Directions. Give again the lines of the data from its first line through the line with "Reading concept with". Change nothing.

Data extracts.

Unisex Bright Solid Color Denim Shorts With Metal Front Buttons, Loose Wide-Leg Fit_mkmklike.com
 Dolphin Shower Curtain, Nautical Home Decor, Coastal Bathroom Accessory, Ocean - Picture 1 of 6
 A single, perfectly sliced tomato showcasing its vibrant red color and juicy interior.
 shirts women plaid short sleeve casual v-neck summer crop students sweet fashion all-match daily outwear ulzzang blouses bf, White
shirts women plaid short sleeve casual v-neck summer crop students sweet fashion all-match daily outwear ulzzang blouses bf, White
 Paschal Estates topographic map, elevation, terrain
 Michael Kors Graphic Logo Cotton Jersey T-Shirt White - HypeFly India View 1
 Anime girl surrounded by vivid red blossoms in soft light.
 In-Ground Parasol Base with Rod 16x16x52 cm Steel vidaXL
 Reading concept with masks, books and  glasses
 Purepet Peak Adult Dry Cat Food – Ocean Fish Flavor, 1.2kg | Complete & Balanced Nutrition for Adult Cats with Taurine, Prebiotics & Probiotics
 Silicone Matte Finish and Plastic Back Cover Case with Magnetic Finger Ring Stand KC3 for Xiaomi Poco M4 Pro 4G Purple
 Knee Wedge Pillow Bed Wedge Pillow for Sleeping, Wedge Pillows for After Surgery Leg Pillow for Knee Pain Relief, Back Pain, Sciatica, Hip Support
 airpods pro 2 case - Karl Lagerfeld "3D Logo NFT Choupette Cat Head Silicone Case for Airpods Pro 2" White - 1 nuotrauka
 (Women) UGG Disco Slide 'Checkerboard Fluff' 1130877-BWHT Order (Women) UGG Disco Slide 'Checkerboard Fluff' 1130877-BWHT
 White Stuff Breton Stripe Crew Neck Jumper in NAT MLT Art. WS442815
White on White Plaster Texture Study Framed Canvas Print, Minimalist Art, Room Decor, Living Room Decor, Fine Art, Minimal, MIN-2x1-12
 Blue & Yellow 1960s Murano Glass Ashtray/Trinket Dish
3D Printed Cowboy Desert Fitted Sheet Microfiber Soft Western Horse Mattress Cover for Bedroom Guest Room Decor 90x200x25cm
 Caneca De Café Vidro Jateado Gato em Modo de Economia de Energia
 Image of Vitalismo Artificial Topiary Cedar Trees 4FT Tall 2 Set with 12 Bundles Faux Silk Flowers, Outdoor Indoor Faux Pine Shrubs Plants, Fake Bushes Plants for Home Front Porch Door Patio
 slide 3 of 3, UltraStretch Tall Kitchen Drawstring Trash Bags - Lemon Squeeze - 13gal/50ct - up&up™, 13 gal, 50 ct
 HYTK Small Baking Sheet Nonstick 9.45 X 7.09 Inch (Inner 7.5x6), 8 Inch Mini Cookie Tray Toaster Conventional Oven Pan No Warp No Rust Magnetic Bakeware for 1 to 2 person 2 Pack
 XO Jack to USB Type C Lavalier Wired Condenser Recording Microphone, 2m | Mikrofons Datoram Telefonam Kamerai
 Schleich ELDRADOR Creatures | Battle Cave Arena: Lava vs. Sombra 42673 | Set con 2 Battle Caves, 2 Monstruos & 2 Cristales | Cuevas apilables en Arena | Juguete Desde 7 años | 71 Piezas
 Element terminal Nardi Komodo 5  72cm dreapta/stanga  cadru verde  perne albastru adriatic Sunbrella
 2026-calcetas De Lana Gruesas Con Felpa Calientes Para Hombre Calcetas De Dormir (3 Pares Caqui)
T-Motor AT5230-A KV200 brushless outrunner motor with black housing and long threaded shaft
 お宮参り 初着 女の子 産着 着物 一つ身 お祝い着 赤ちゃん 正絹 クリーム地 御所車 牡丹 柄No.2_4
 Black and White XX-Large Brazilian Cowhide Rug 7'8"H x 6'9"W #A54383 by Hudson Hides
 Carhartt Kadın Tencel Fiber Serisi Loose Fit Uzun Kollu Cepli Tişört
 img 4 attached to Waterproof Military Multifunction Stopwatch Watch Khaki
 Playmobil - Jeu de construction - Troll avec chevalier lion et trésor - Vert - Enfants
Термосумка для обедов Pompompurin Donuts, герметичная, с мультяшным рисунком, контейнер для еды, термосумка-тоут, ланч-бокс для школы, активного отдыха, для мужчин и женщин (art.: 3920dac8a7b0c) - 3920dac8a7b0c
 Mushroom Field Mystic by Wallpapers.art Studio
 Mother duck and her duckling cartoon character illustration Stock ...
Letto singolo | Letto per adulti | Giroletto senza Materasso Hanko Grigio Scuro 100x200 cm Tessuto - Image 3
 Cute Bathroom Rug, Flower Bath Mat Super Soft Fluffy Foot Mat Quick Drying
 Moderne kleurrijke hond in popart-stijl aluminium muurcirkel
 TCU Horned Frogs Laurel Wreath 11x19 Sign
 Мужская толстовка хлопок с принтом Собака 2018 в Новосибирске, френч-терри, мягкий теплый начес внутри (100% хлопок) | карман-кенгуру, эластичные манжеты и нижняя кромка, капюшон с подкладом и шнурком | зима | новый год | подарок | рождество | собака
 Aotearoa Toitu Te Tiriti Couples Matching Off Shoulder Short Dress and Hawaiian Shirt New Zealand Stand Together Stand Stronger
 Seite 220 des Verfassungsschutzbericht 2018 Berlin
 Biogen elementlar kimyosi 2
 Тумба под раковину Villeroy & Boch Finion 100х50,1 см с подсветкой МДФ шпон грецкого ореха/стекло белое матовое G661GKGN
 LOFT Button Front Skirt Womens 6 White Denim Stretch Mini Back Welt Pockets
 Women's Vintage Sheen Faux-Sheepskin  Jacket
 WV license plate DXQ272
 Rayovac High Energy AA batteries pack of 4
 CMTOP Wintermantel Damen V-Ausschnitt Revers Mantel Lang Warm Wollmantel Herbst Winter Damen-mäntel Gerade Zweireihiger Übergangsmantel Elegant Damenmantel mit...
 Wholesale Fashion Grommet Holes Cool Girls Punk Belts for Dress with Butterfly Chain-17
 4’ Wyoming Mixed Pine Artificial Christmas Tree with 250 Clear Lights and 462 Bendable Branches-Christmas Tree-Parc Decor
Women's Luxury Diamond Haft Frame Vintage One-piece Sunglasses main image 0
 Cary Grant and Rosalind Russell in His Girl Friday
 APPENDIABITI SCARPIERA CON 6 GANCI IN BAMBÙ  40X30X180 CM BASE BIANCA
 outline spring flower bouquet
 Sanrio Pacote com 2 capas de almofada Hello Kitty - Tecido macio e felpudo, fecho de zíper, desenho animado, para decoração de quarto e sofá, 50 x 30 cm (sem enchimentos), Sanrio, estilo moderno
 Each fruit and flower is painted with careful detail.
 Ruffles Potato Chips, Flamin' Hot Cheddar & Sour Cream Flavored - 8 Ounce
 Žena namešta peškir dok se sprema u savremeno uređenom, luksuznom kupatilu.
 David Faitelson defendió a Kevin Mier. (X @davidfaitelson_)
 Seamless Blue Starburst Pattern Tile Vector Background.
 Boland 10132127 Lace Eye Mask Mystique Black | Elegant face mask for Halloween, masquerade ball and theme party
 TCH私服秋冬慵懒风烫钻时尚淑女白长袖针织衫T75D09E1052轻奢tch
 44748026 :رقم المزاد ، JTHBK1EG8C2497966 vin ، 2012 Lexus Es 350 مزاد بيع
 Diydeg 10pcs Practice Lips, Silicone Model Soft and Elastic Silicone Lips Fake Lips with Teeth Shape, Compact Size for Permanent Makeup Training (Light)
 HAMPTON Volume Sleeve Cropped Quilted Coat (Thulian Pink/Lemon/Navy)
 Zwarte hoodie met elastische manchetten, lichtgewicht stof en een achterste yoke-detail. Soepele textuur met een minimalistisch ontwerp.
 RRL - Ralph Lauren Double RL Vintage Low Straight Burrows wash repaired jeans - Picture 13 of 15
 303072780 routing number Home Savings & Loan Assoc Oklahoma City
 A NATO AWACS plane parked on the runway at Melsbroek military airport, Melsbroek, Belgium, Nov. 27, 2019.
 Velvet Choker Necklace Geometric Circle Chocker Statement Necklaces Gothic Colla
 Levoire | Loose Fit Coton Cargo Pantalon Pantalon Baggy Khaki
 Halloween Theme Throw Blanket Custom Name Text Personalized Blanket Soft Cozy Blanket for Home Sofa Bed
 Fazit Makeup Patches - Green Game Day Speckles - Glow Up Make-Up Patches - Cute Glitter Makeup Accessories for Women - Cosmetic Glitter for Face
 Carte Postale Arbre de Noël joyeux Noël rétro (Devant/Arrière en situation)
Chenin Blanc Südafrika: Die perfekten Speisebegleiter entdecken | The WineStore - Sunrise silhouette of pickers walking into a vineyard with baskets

Result of the exercise.
Unisex Bright Solid Color Denim Shorts With Metal Front Buttons, Loose Wide-Leg Fit_mkmklike.com
 Dolphin Shower Curtain, Nautical Home Decor, Coastal Bathroom Accessory, Ocean - Picture 1 of 6
 A single, perfectly sliced tomato showcasing its vibrant red color and juicy interior.
 shirts women plaid short sleeve casual v-neck summer crop students sweet fashion all-match daily outwear ulzzang blouses bf, White
shirts women plaid short sleeve casual v-neck summer crop students sweet fashion all-match daily outwear ulzzang blouses bf, White
 Paschal Estates topographic map, elevation, terrain
 Michael Kors Graphic Logo Cotton Jersey T-Shirt White - HypeFly India View 1
 Anime girl surrounded by vivid red blossoms in soft light.
 In-Ground Parasol Base with Rod 16x16x52 cm Steel vidaXL
 Reading concept with masks, books and  glasses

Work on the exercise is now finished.